There, again, the test should be whether
so radical a tax is wise and required by the necessities
of the country.
The nations in Europe have been fighting
for nearly three years and have been under an infinitely
greater financial strain than our country is or will
be, yet none of these nations have resorted to extreme
taxation of income.
Even in Great Britain, whose
financial burden is the heaviest of all, whose debt
is many times the total of ours and who has loaned
about $5,000,000,000 to her Allies, the highest income
tax rate, the maximum percentage in the graduated
scale of taxation, is to-day no more than approximately
forty per cent.
In the last budget, introduced a couple
of weeks ago, the British Chancellor of the Exchequer
declined, so I am informed, to consider an increase
in the income tax rate, because of the damaging effect
which such increase would be apt to have on the country’s
business and prosperity.
In France and Germany the burden laid
on incomes is much lower than in England. In Canada
where war loans have been raised equivalent on the
basis of comparative population to what would be more
than $10,000,000,000 for America, no Federal Income
Tax exists at all.
I doubt whether this latter fact is
generally known in this country and whether its significance
is receiving the measure of serious consideration
which it deserves.
I understand that it is the deliberate
policy of the Dominion Government to endeavor to avoid
resort to an income tax in order to attract capital
to Canada.
There can be little question that
if our income taxation is fixed at unduly and unnecessarily
high rates, whilst Canada has no or only a very moderate
income tax, men of enterprise will seek that country
and there will be a large outflow to it of capital
in course of time-a development which cannot
be without effect upon our own prosperity, resources
and economic power.
The financial dislocation, the discouragement
and the apprehension caused by unduly heavy taxation
of incomes will not only act as a drag on enterprise
and constructive activity, but will make it exceedingly
difficult, if not impossible, for corporations to sell
securities in sufficient volume and thus to obtain
adequate funds to conduct their business-especially
also as investors will be fearful that high rates
of taxation once established will not easily be reduced
to normal levels, even when the present emergency
is passed.
Extravagance, log-rolling, the unwise
and inefficient expenditure of money by governmental
bodies are amongst the besetting sins of democracy.

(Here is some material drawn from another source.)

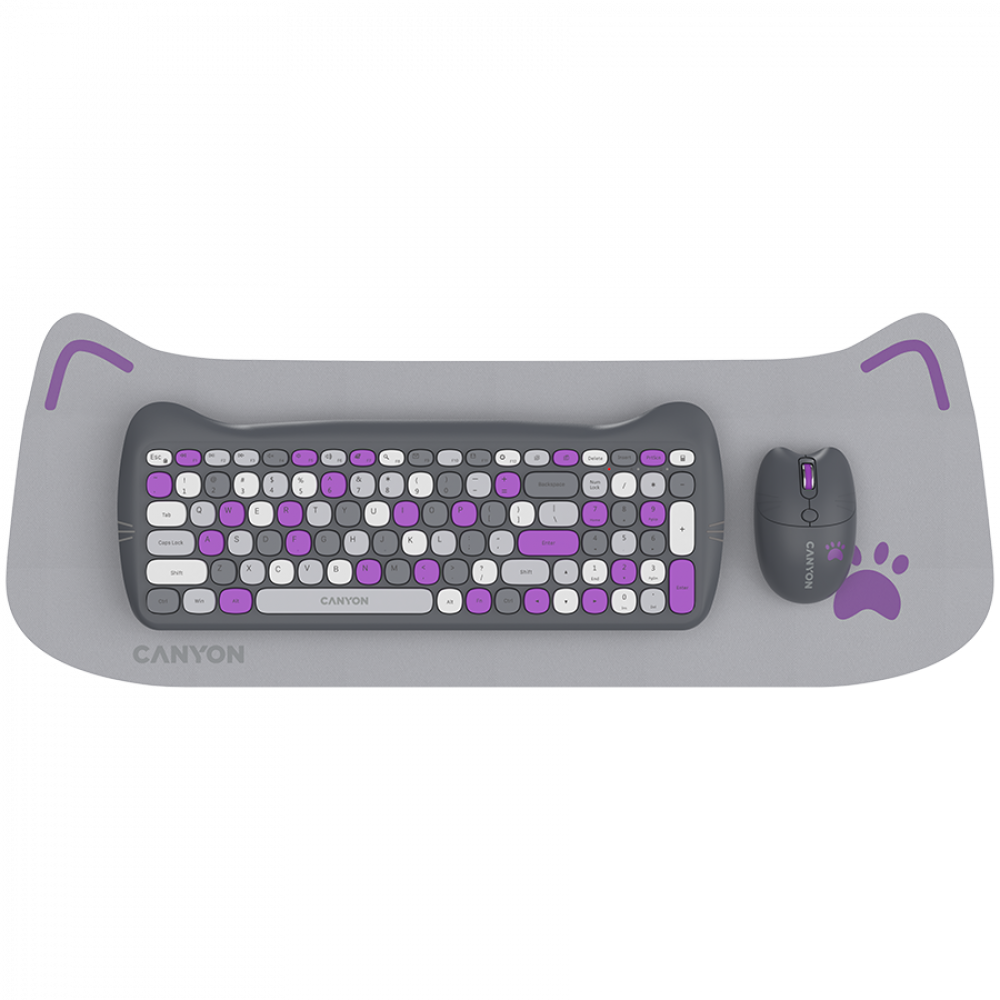 Canyon HSET W6 Cat Keyboard and Mouse Set with Pad, Grey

The formula once found, the machinery once employed
for the raising of huge revenues, are apt to make
the way of wasteful governmental spending all too
temptingly easy.
It must not be forgotten that taxation
must necessarily by that much diminish the surplus
income fund of the individual and that both theoretically
and actually the spending of money by the government
cannot and does not have the same effect upon the country’s
prosperity and enterprise as productive use of his
surplus funds by the individual.
The sentimental, and thereby the actual,
effect of extreme taxation will not be confined to
the relatively small number of people in possession
of very large incomes. The disturbance and fear
caused by the contemplation of an excessively high
ratio of taxation, even when applied to a relatively
few, is bound to spread to those also of more moderate
incomes.
Capital is proverbially timid.
It will not take risks, except in the expectation
of commensurate reward, and if it sees the danger of
its reward being unduly infringed upon by excessively
rigorous income taxation, it will anticipate that
menace by withdrawing from the field of constructive
investment to the greatest extent possible.

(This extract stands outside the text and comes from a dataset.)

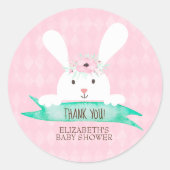 Sticker Rond Diamant rose Baby shower floral lapin (Devant)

So much is this the case that I incline
to the belief that taxation so graded as to result
in a maximum average of say 33-1/3 per cent. would
produce at least as great a revenue as a maximum average
of 50 per cent.
It is one of the oldest principles
of taxation that an excessive impost destroys its
own productivity.
The flood of securities which would
be coming for sale in order to escape extreme income
taxation would create a grave condition of demoralization
in the investment markets of the country, with the
resulting inevitable effect upon the country’s
general business, and upon its capacity to absorb
Government loans.
IV
The tax recently enacted by Congress
imposing a burden of 8 per cent. on business profits
over and above 8 per cent. on the capital employed,
regardless of whether such profits have any relation
to war conditions or not, is unscientific and unsound.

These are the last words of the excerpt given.